* [Assignment]
A word-for-word copy of the listing, free of images, is the expected answer.

* [Given data]
____

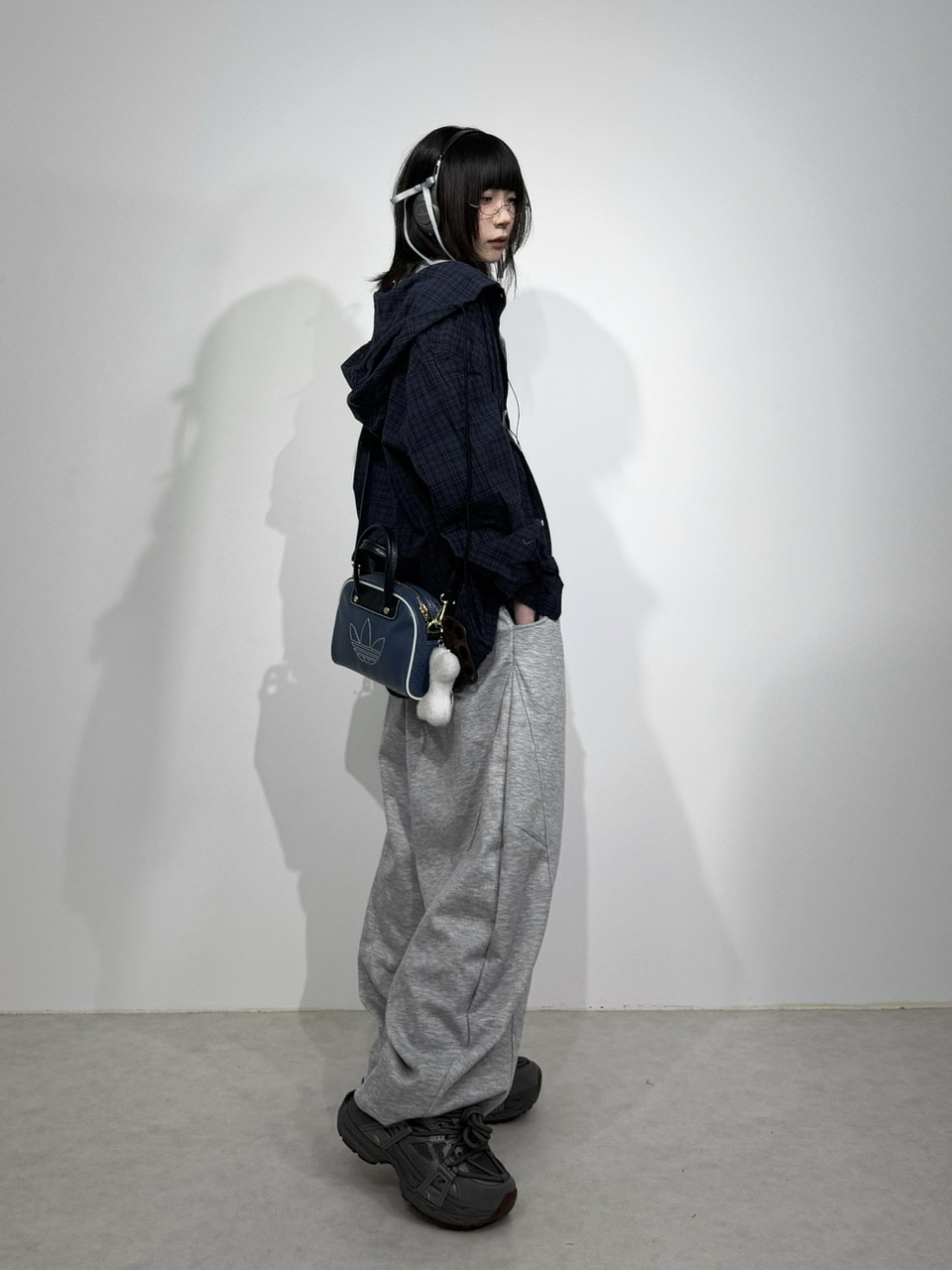 Nerd out XU】waist rope loose sweat pants (2color) / 【ナード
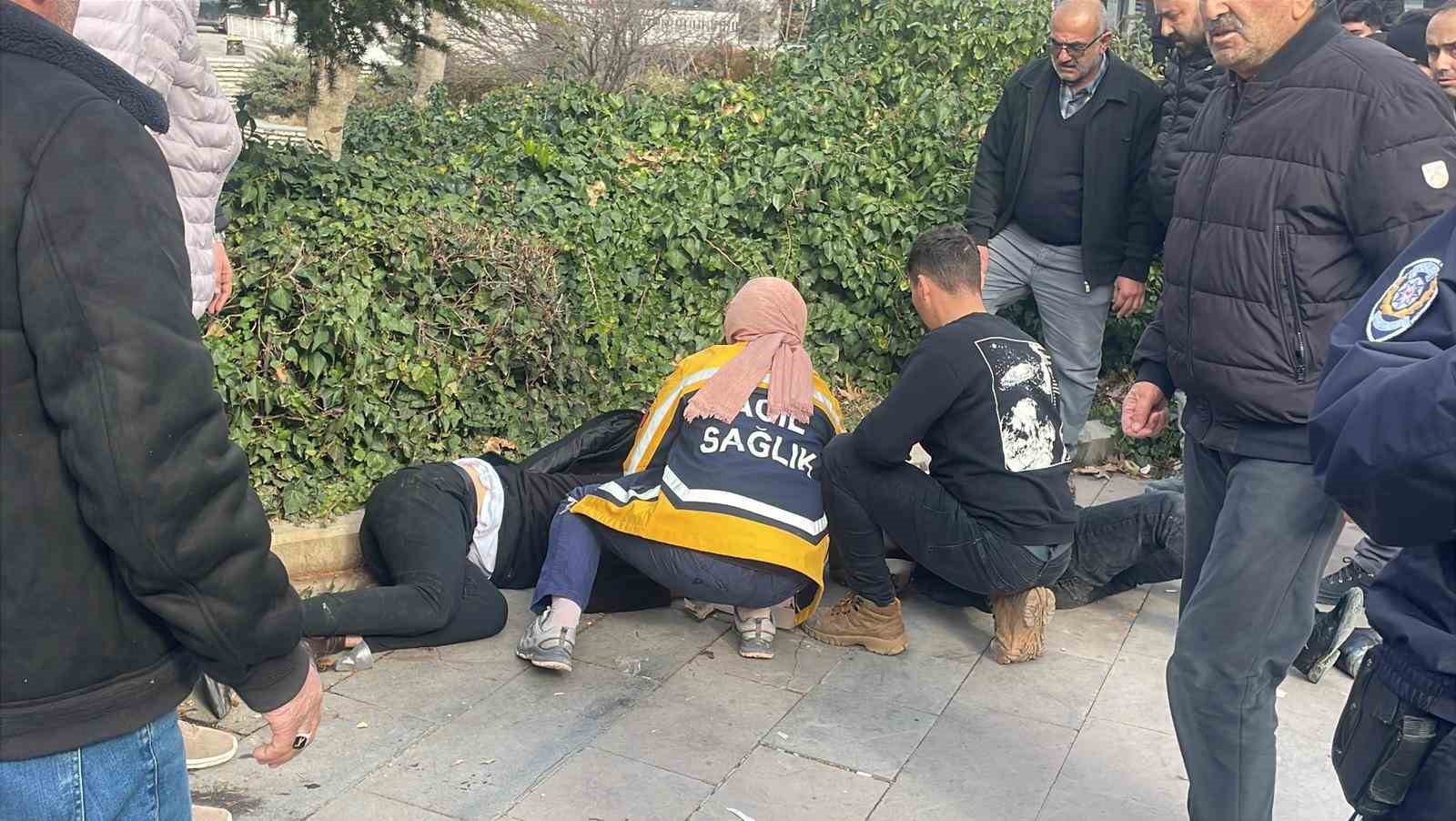 baba ve 3 oglu sokak ortasinda silahla vuruldu yaralilardan 3unun durumu agir 9 RRBzd6ui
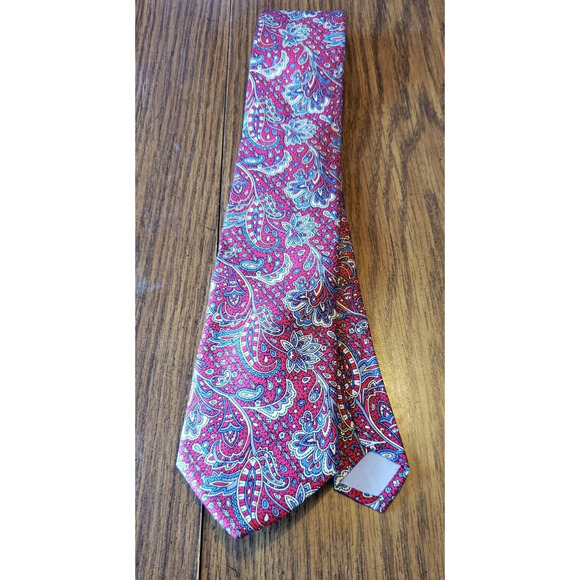 Johnny Carson Paisley Red and Blue Mens Vintage Necktie Tie - Picture 4 of 4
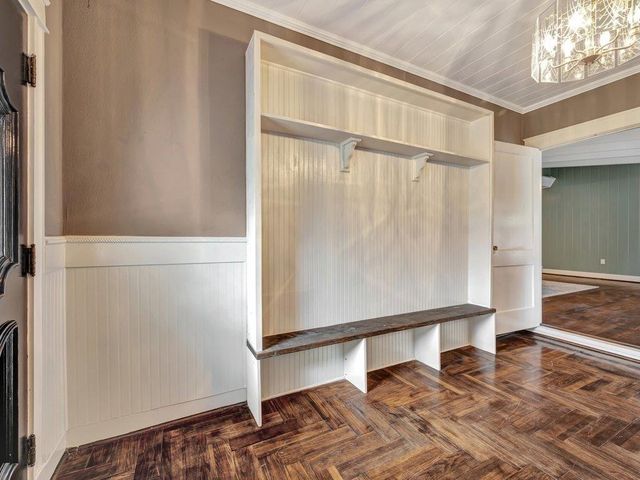 813 W Grove Avenue, Lufkin, TX 75904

____

* [Task output]
 Nerd out XU】waist rope loose sweat pants (2color) / 【ナード
 baba ve 3 oglu sokak ortasinda silahla vuruldu yaralilardan 3unun durumu agir 9 RRBzd6ui
 Johnny Carson Paisley Red and Blue Mens Vintage Necktie Tie - Picture 4 of 4
 813 W Grove Avenue, Lufkin, TX 75904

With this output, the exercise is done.